Why doesn't the string split account for the separator appearing more than once?

So this code is working a bit unexpected to me:

fn main() {
    let s = "1-2-3---4";
    for ss in s.split('-') {
        println!("Split: {}", ss);
    }
}

Producing

Split: 1
Split: 2
Split: 3
Split: 
Split: 
Split: 4

I know this is exactly what is documented but isn't this something nobody really uses? For I do not see any use case for that kind of splitting behaviour:

If a string contains multiple contiguous separators, you will end up with empty strings in the output:

let x = "||||a||b|c".to_string();
let d: Vec<_> = x.split('|').collect();

assert_eq!(d, &["", "", "", "", "a", "", "b", "c"]);

Why would this ever be useful to somebody? Perhaps, we should skip all the separators in this case and so avoid producing empty strings?

For example to parse a CSV file. A CSV file may contain empty strings between commas.

5 Likes

Great example, thanks. But shouldn't there also be a possibility then to not always split like this and avoid empty strings? I think it would be nice.

Just filter the iterator before collecting .split('|').filter(|s| !s.is_empty()). It's the same complexity.

1 Like

It's consistent. The library shouldn't try to second guess the user, that's a recipe for disaster.

Anyway, you can always filter out empty matches, so it's not a problem.

1 Like

Wouldn't it be a bit nicer to have a shortcut like split_X instead of doing that or whatever else that is more optimised, perhaps? There is a split_once that could have also been done on top of a split, but it is there still.

We can't put every combination of possible data processing operations in the library.

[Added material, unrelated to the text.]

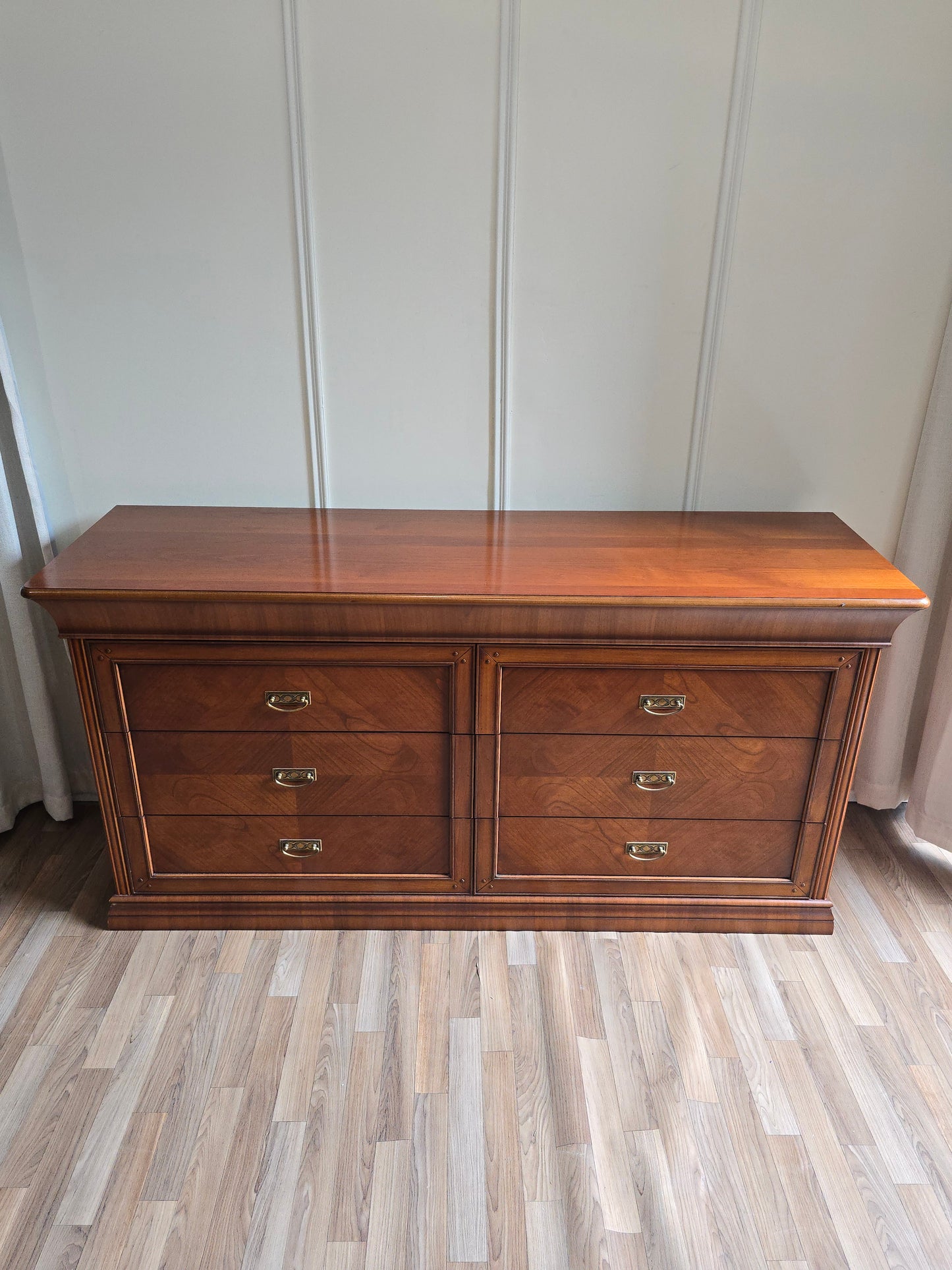 Vintage Solid Wood 6-Drawer Dresser with Two Matching Nightstands – Warm Wood Finish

That would be unmamageable. Rather, APIs should do exactly one thing well, and be compositional, so that you can mix and match them. Resundant special cases are only warranted for very frequent or non-trivial combinations, and filtering out empty strings is trivial.

I don't know, there's already a lot of split functions on str in the standard library...

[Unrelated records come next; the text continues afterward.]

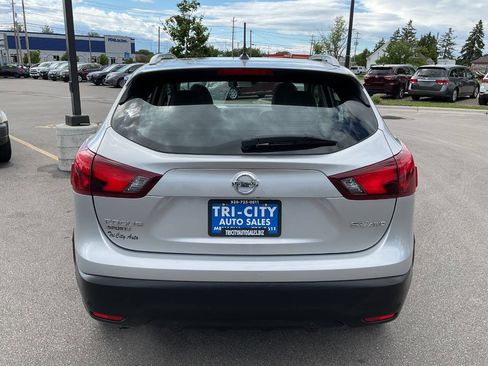 Used 2019 Nissan Rogue Sport SV AWD/4WD image 6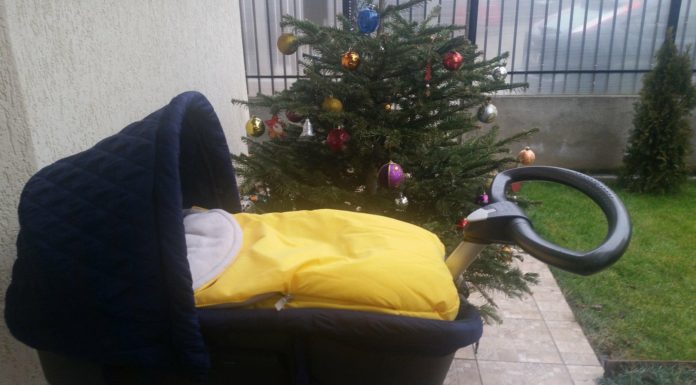 Cel mai bun somn al bebelusului, afara in frig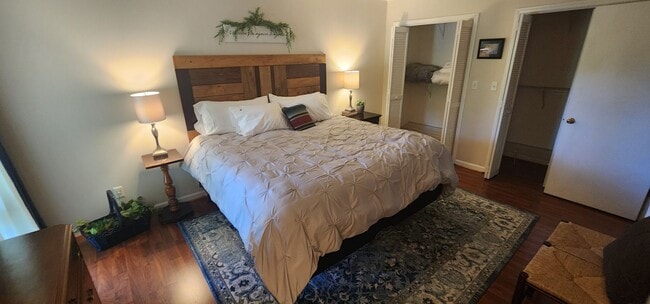 Building Photo - Fully furnished meticulously maintained upper condo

The number of the "split" functions there says different. I know what you mean, and I also like the UNIX paradigm and KISS and etc, but just there are tons of others that could have also been just a little bit of code done on top of a split. Perhaps, except for the rsplit. Honestly, when I looked over them before asking this question here, I had already had a feeling that what I would be asking her would be already implemented under some name there, but it wasn't so.

The number of split functions is arguably a design smell and a sign that there exists a simpler, more orthogonal API underneath. It’s unfortunate we don’t have such an API, but at least we shouldn’t be adding ever more special-case functions.

7 Likes

The other option would be to use regex::split(); YMMV as to whether that is more or less efficient/convenient than filtering out empty strings (I honestly don't know)

1 Like